I’d then ask what becomes of the people who relied on this hypothetical service?

Short-term convenience, long-term risk

LLMs, machine vision, and other AI-adjacent technology have massive power demands. In aggregate, this places huge stress on an already struggling environment.

I think about the environmental impact of my actions every time I use an AI-powered feature, and if the request was worth it. This is to say nothing of other ethical concerns.

Every time I see a Copilot button I think about how eugenic thought is still alive and well in many aspects of our society. This includes disaster response and other crisis situations.

An already solved problem

The alt attribute is baked into HTML and is over thirty years old. It enjoys wide and deep support, on more browsers and devices than you can probably name in one sitting.

Similarly, capturing and storing the text content used to supply an alt attribute is a very known quantity. WordPress, the most popular content management system on the planet, provides this feature out of the box. So does every major social media service I can think of.

The question isn’t one of feasibility. It’s one of education and priorities.

You can’t solve culture with technology.
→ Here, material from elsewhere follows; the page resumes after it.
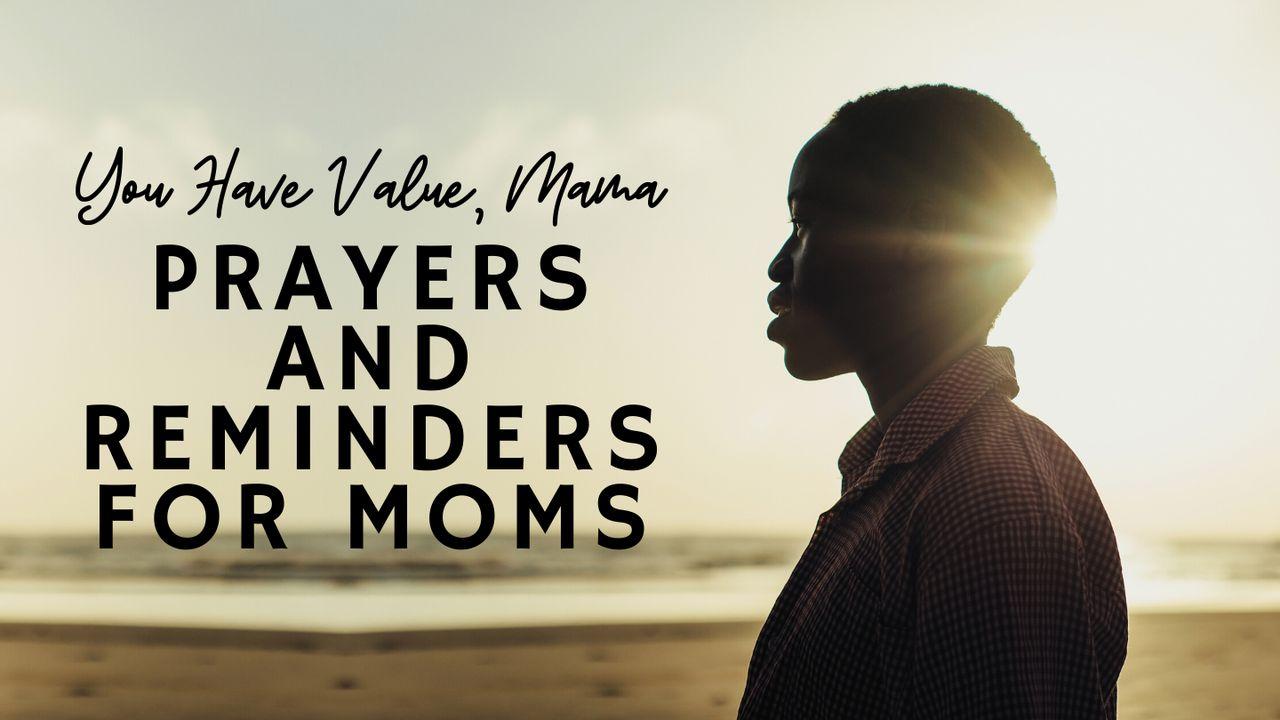 You Have Value, Momma–Prayers and Reminders for Moms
Manual, author-provided alternate text descriptions is a tried-and-true method of creating an equivalent experience. It’s just a question of actually doing it.

Technoableism and solutioneering

The idea of “solving” alternate text descriptions by automating them away so that they are not a consideration is a bad frame.
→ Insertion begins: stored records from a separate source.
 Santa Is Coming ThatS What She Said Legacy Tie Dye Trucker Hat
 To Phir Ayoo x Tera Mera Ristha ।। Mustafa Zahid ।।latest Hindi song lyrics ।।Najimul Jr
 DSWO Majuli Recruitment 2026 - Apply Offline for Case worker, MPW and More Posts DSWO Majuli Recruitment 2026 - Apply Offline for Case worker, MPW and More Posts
Providing descriptive, engaging, and contextually relevant alternate text descriptions is a privilege, a joy, and can even be an art. Above all, it is an act of care. It is not an exercise in trying to concoct a clever way to dodge around a perceived inconvenience.

Similarly, focusing on bikeshedding metadata, esoteric protocols, or yet-to-be-built technologies is a misstep. While technology can augment the experience of writing an alternative text description, we need to remember what is getting centered, why, and who should be getting prioritized.

Alternate text is for people, and people are not a problem to be solved. The social model of disability teaches us that it is the built environment that should be better crafted to meet the needs of the people who use it.

Instead of sweeping a presumed problem under the rug, elevate the prominence of alternate text descriptions in interfaces and combine it with education and a positive culture that both promotes and rewards the practice.